#### HOW TO COMPLETE THIS TASK
From the listing below, give again exactly the lines from the line with "Recambio de sistema" to the line with "Strategically One Bedroom", ends included, without any pictures.

#### MATERIAL SUPPLIED
►

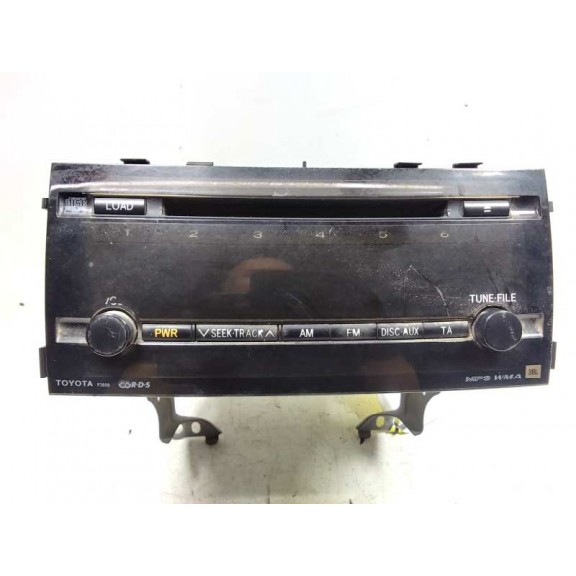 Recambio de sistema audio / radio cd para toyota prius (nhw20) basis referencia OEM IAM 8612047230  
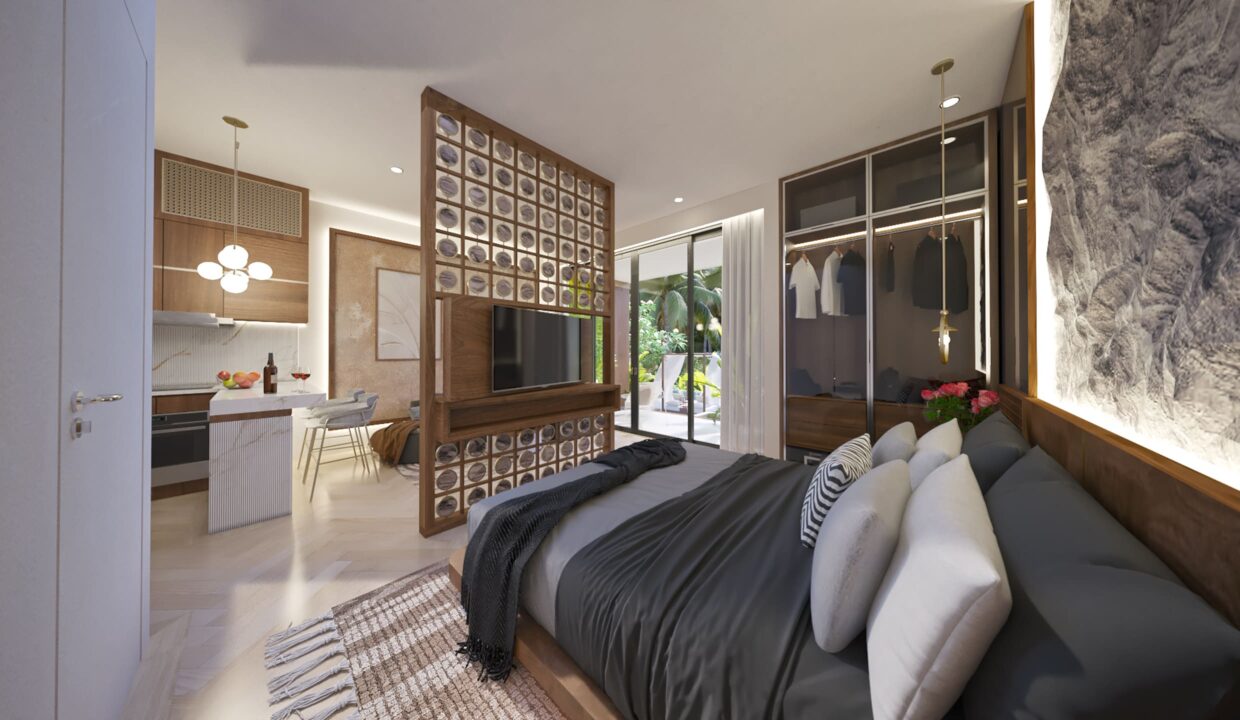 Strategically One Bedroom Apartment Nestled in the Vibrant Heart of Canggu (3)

◄
►

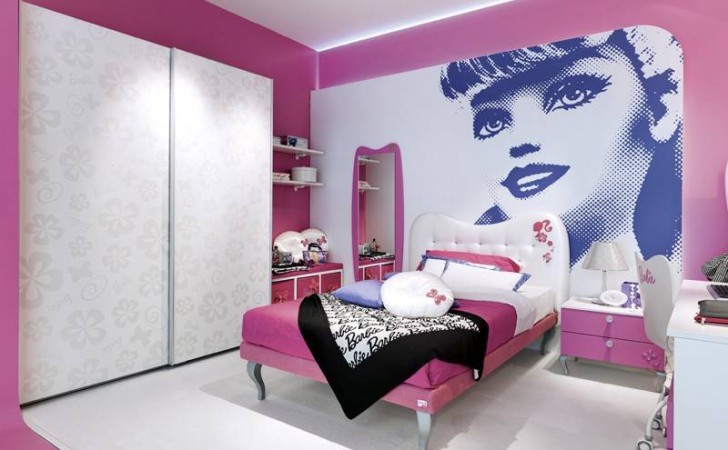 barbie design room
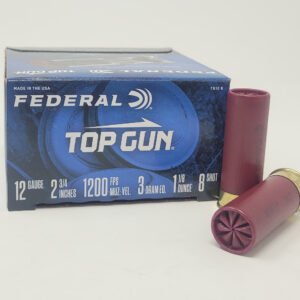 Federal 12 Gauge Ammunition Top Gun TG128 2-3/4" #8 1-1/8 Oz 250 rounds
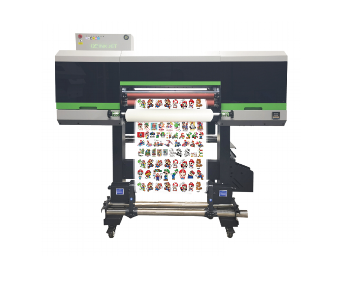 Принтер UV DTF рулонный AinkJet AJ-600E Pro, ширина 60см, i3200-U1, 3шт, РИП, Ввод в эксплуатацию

◄
►

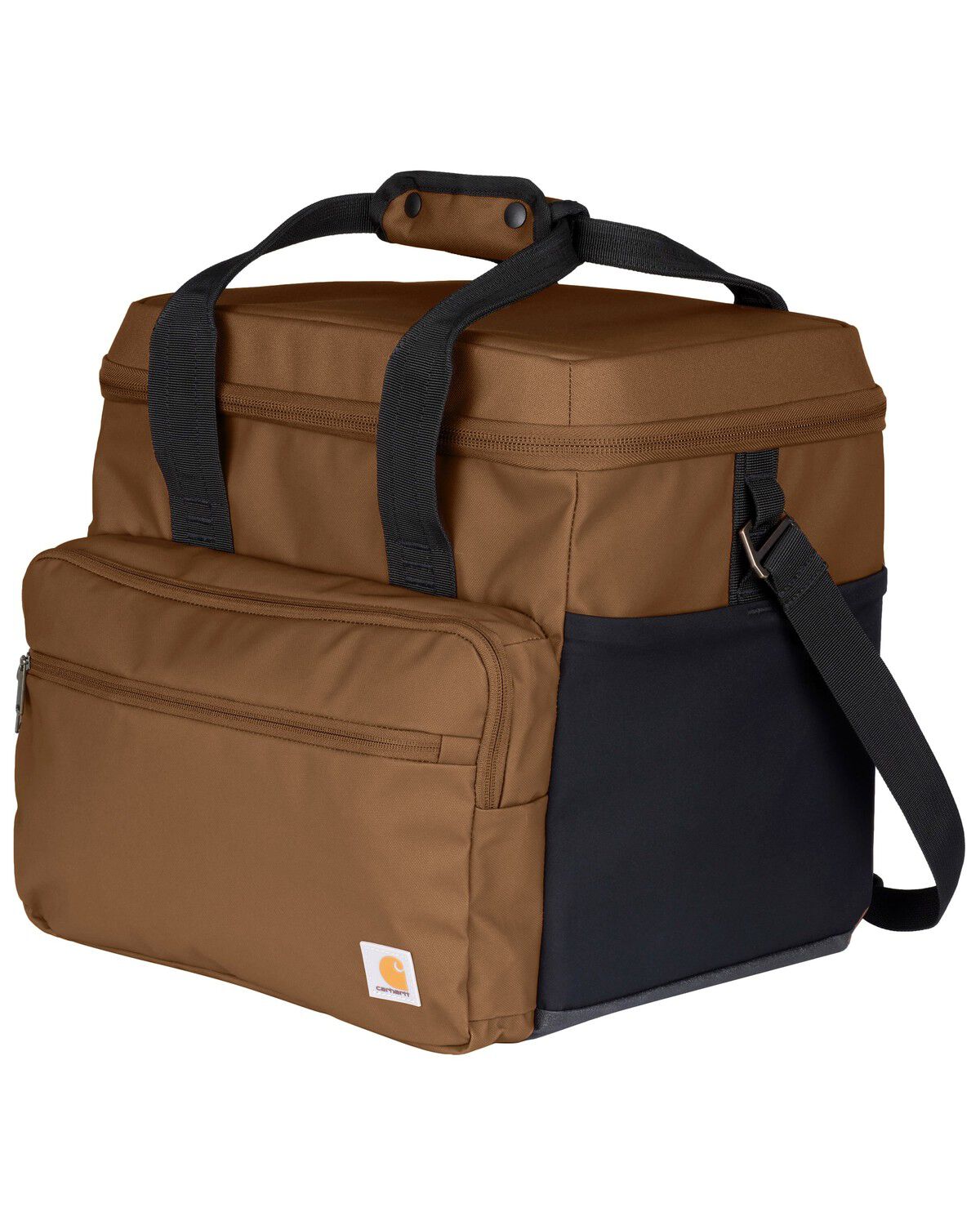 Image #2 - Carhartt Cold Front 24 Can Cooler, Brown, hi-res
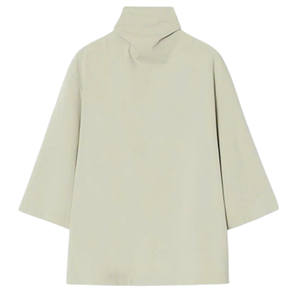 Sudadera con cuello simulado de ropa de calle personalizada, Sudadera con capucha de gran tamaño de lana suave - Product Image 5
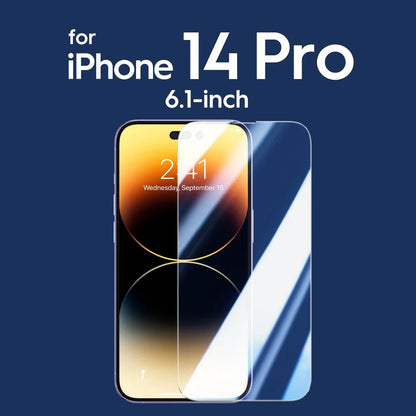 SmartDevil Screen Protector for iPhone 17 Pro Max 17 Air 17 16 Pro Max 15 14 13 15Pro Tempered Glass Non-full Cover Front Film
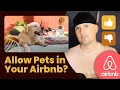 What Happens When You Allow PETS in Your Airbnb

◄

#### ANSWER FOR THIS EXERCISE
 Recambio de sistema audio / radio cd para toyota prius (nhw20) basis referencia OEM IAM 8612047230  
 Strategically One Bedroom Apartment Nestled in the Vibrant Heart of Canggu (3)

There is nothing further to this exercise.